Mucho antes de que Miraflores impartiera la orden absurda: “¡No toquen a mis buhoneros!”, que desencadenó la avalancha escatológica e improductiva de la buhonería llamada por el chavecismo “economía informal” pero considerada por Antonio García Ponce en su libro ‘Adiós a las izquierdas’ como una de las características del “comunismo a la venezolana”, andaba yo con mi mujer por el bulevar de Sabana Grande cuando un hombre pasó a nuestro lado y ella comentó: “¡Ese hombre es del signo Tauro!”.
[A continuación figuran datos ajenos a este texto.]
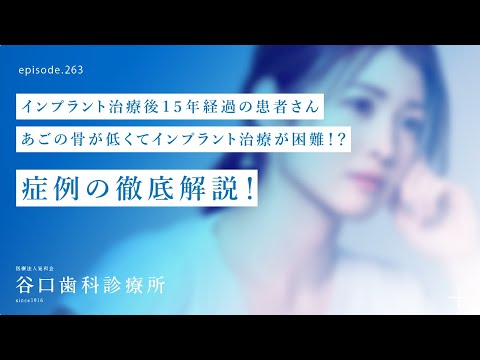 第263話  インプラント治療後15年経過患者さん-スペシャル・インタビュー-低いあごの骨に短いインプラントの可能性‼️-4Sではない通常インプラント治療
La miré asombrado porque no sabía que fuese conocedora de las vidas astrales o lectora de los horóscopos dominicales. Sé que no levanto cabeza desde que supe que soy Capricornio, el bicho más raro del zodíaco con cuerpo de chivo y cola de carite; pero me inquietó que mi mujer supiese que aquel hombre fuese del signo Tauro: un conocimiento que revelaba cierta intimidad. Me inquieté, además, porque, lascivo, picándome el ojo y viendo fijamente a mi mujer apareció el toro, el gran fecundador en los grandes mitos. ¡Era para preocuparse! Confieso que para entonces no escuchaba bien. En la hora actual oigo mejor porque uso unos costosos audífonos retroauriculares de avanzada tecnología que sólo me quito cuando habla el Presidente.
Lo grave no es que yo lo sea, sino que sean sordos quienes manejan el país y no oigan, no quieran escuchar o se hagan los sordos ante las quejas, demandas y protestas de los ciudadanos.
¡El autócrata ni siquiera oye a sus ministros! Es frecuente escuchar frases como: “El Presidente desestimó la gravedad de los planteamientos”; “el Ministro minimizó las protestas de los sindicalistas”.
La autoridad jamás reconoce una equivocación. Prefiere manipular, prometer y engañar.
Hosni Mubarak, siendo egipcio, trató de hacerse el sueco con la muchedumbre agolpada en la plaza Tahrir. El fracasado Régimen militar bolivariano insiste en mentir, agredir y criminalizar las protestas, y en Cuba las cárceles están llenas de disidentes. Sordos, los gobiernos autoritarios prefieran abrir las compuertas del infierno antes que reconocer y aceptar sus torpezas.
En aquel bulevar de Sabana Grande lleno de tiendas elegantes, librerías concurridas, mesitas en la calle y con el toro dispuesto a embestir terminé increpando a mi mujer.
Fue como si, en lugar de la doble naturaleza de cabra con cola de pescado que soy, me hubiese transformado en un Otelo atormentado por una suspicacia más terrible que el pañuelito de la desventurada Desdémona: “¿Cómo sabes tú que ese hombre es Tauro? ¿Qué pasa contigo?”. Perpleja, desconcertada, mi mujer respondió: “¿Cuál Tauro? ¿Cómo voy a saberlo? ¡Lo que dije es que ese hombre se parece a Antonio Lauro!”.